In order to receive a divorce in New York, the State of New York must have an interest in the marriage.  That means that you must have:

  • The husband or wife has been resident of the State of New York for a continuous period of two years prior to the commencement of the divorce, or
  • The husband or wife is a resident of the State of New York for a continuous period of one year and, either, the marriage took place in New York, the grounds for divorce occurred in New York, or the parties held themselves out as married in New York.

Grounds for Divorce
New York remains one of the few states in the country that requires couples to have a reason for getting a divorce.  This is called having grounds for divorce.  It is important to remember that only the spouse that is not at fault may utilize the grounds for divorce.  The spouse that commits any of the following grounds cannot use them as a way to acquire a divorce from a blameless spouse.

  • Adultery - Your spouse must have engaged in an extramarital affair in order for you to have grounds for a divorce.  Adultery is a particularly difficult grounds to prove as you will not be allowed to testify against your spouse.  You must have a witness that is willing to testify against your spouse.  The services of a private investigator is often used in order to prove circumstantially that your spouse had the intent, inclination, and opportunity to engage in extramarital sex.
  • Abandonment - Your spouse must have abandoned the marital home for a period of no less than a year without any intent to return or your spouse must have abandoned the marriage for a similar period of time by refusing to have sexual relations with you without justification.
  • Cruel and Inhuman Treatment - Your spouse must have committed acts that make it unsafe for you to remain in the marital union.  The treatment must have serious effect on your physical or mental health.
  • Imprisonment - Your spouse must be in physically incarcerated in prison for three or more consecutive years before you have grounds for a divorce.
  • Separation Agreement - Your spouse and you must live apart for a year under a separation agreement to have grounds for a divorce.  A separation agreement is a detailed written document carefully prepared by your attorneys where the parties agree to live apart for the rest of their lives.  It details the custody and support for the children, the division of property, and all other matters relating to the marital relationship.  In a year, either party may bring the separation agreement to court and convert it into a divorce judgment so long as they have meet the terms of the separation agreement.
  • No-Fault Divorce - Under New York law, a couple may get a no-fault divorce if one of them has stated, under oath, that their marriage has broken down irretrievably for at least six months. Before a no-fault divorce will be granted, all issues relating to the dissolution -- including property division, spousal support, child support, and child custody and visitation -- must be resolved. This can be done in a separation agreement or by order of the judge. 

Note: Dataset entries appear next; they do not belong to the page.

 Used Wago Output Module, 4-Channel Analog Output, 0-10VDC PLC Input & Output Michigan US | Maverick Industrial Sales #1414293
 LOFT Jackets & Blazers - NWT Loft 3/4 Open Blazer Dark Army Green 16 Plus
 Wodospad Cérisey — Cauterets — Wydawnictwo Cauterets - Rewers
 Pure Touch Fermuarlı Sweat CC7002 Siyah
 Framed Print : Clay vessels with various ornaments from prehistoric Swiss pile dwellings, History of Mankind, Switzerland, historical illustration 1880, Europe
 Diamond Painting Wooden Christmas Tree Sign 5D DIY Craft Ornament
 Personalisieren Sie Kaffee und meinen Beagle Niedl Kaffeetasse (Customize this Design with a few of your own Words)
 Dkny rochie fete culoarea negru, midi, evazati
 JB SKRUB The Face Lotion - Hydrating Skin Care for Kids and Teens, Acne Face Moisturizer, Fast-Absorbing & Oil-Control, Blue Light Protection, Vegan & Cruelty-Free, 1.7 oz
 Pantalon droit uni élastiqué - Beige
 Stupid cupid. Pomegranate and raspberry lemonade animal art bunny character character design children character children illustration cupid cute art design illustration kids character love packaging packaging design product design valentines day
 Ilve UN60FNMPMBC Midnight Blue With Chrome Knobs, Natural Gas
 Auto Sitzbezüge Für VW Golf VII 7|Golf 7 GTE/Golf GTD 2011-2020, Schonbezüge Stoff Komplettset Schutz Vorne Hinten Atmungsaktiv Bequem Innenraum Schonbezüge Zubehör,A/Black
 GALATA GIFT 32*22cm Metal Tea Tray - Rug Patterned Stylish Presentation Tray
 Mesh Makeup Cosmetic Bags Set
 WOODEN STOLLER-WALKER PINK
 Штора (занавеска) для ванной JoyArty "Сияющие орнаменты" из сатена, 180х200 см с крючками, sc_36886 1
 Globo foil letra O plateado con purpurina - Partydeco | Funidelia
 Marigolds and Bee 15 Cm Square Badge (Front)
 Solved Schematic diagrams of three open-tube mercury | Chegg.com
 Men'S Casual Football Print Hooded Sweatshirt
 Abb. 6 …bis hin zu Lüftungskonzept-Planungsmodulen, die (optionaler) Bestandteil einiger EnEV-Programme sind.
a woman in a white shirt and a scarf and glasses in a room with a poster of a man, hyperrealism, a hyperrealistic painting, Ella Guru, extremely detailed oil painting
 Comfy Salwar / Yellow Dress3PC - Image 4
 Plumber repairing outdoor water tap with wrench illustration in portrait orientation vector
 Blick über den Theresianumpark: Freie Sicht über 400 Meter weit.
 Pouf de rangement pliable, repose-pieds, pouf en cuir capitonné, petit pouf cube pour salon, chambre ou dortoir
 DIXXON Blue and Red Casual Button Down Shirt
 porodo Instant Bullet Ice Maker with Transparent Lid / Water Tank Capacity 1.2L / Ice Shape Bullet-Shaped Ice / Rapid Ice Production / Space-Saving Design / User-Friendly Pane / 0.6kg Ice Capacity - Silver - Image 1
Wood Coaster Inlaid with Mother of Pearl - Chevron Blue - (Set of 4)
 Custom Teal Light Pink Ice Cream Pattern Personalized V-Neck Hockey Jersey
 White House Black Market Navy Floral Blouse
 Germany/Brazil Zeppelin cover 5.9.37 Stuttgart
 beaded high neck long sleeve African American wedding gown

Regardless of whether your spouse consents to a divorce, you will still need the above grounds.

Equitable Distribution
Marital Property is the property jointly owned by both spouses subject to distribution upon divorce.  It includes all property and income earned by the spouses during the course of the marriage, regardless of the form that title is held.  Separate property, which will be discussed in further detail below, is held by only one of the spouses and it is not subject to equitable distribution during divorce.

Marital property includes retirement accounts, pension savings, real property purchased with marital funds, household items, automobiles, and more.

In the State of New York, professional licenses, such as doctors and lawyers, are subject to equitable distribution if the license was earned during the course of the marriage.  The analysis is based on enhanced earning capacity allowed by the professional license, with the other spouse receiving a percentage of that enhanced earning capacity upon divorce.

If an asset has been acquired during the course of the marriage, the burden is on the spouse seeking to classify it as separate property and not subject to equitable distribution.